A few years ago I began to ponder the condition and fate of the university press world. This culminated in an article I wrote for the Journal of Electronic Publishing called “The Wisdom of Oz: The Role of the University Press in Scholarly Communications.” After I wrote that essay, I began to look around for some means of improving the fortunes of the press world and hit on the idea of creating a comprehensive online catalog for all university press titles, a catalog that could serve as a marketing tool, e-commerce site, and source of bibliographical data for other projects whose aims were not so plainly economic.

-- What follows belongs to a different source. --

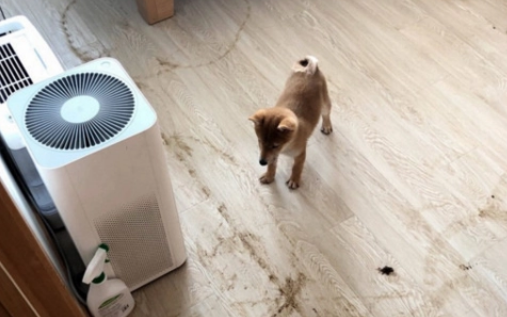狗狗为什么跑到卧室拉屎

It was my good fortune to receive the support of the Andrew W. Mellon Foundation, which underwrote a feasibility study that I wrote under the sponsorship of the Monterey Institute for Technology and Education (MITE). That study was submitted to MITE and Mellon several months ago. As it delved into the specific offerings of vendors and included some confidential information, it was not suitable for publication. Subsequently, I edited the document into a longish essay, which includes a summary of a survey of about 30 university presses. That abridged document is now available online at Scribd and at MITE’s own Web site .

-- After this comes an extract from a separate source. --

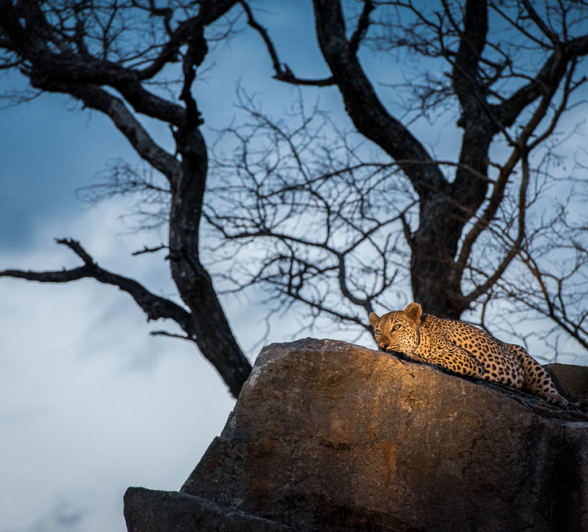 Mike Palmer Mandleve Male 2 Mike Palmer Mandleve Male 2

The project is now moving forward. A prototype is being built (the URL will be published shortly), and several presses have already sent in data feeds for their titles. (Any not-for-profit academic publisher that wishes to participate in the project should contact me offline, and not just presses affiliated with universities. For-profit scholarly publishers may be invited to participate at a later time.)
The catalog will launch into a very different world from the one that existed at the time of its conception. There was no Kindle or iPhone at that time, nor were many scholarly publishers looking beyond the dissemination of PDFs intended to be printed out and read at the edge of the network. Google had not yet begun its mass digitization project, nor had anyone even hinted that Google would shortly become, through Google Editions, a central player in the publishing landscape.
If so much can change in 4-5 years, why would we not expect that comparable changes are afoot even now? On the Scholarly Kitchen blog a month ago, I referred to this as “the Google decade.” The moderator silently and innocently changed “decade” to “decades,” but, no, decade is what I meant. Google (and Amazon, Apple, and any other “hot” company right now) has no more claim on the future of scholarly communications than AOL had even a few years ago. We should not expect that Amazon can do it better always, whatever “it” is.
Comments on the catalog project would be much appreciated.
Discussion
6 Thoughts on "The Scholars’ Catalog Project"
Can University presses join this project, or is it by invitation only? Would love some more info and how to get involved!
Sincerely,
M Reissig
UT Press
Other than this being for scholarly non-profits, how will it differ from other services that convert publishers’ metadata to ONIX and then distribute it to book buyers?